A true marvel of color and light

Even when removing the incredible worldbuilding and storytelling (as well as some scary foresight), which helped popularize the cyberpunk genre, "Akira" is a visual masterpiece. Almost every frame is created by hand with an incredible amount of detail, not in small part due to the film's high budget. Take any frame and you'll see it shines with bright colors and an attention to camera angles to rival any live-action film. The film places a special attention to lighting in order to heighten the sense of a effect of the colors and to give the impression of a city that never sleeps — Nerdwriter has a fantastic video on this subject.

Then there's the use of color in the film. "Akira" uses an incredible range of color to evoke its feeling of a futuristic world, with bright oranges shining against dark blacks and blues, where greens and reds show the fight between human progress and nature. There are a whopping 327 shades of color in "Akira," 50 of which were allegedly specifically created for the film, according to a behind the scenes video on the production of "Akira" (via Kambole Campbell's writing on the legacy of the film for its 4K release). The reason was that, since most of the film takes place at night, a wide range of colors was needed to make the scenes pop, and it's clear they succeeded.
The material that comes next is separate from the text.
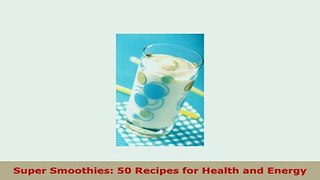 PDF  Super Smoothies 50 Recipes for Health and Energy Download Online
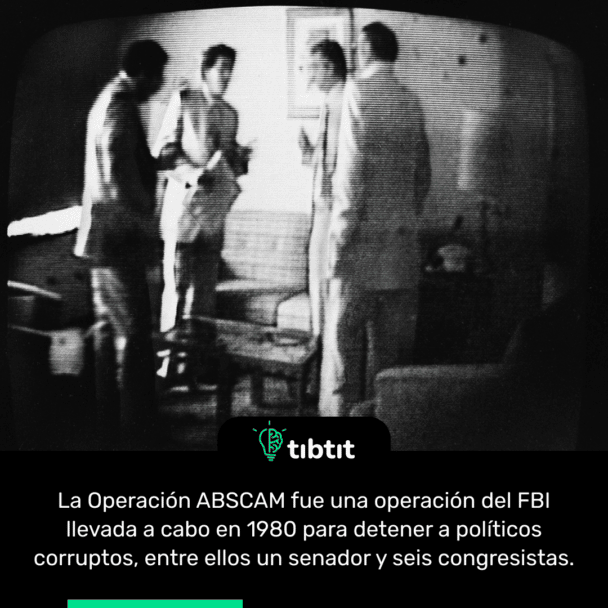 La Operación ABSCAM fue una operación del FBI llevada a cabo en 1980 para detener a políticos corruptos, entre ellos un senador y seis congresistas.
The use of color, along with a meticulous attention to facial expressions, was not commonly seen in anime. Each character's animation was tailored to pre-recorded dialogue, meaning the animators had to make the character movement feel realistic and sync the lip movement, where many animated shows and movies use a predetermined set of lip movement that is rotated to fit any word intonation.

It's no surprise to see "Akira" still dazzle audiences 34 years after its release. Its iconic bike slide shot has been referenced to death the past three decades, and Hollywood has never truly given up trying to make a live-action adaptation. Just like the powerful teenager with telekinetic powers that gives the film its name, there has never been anything like "Akira" before or since its release.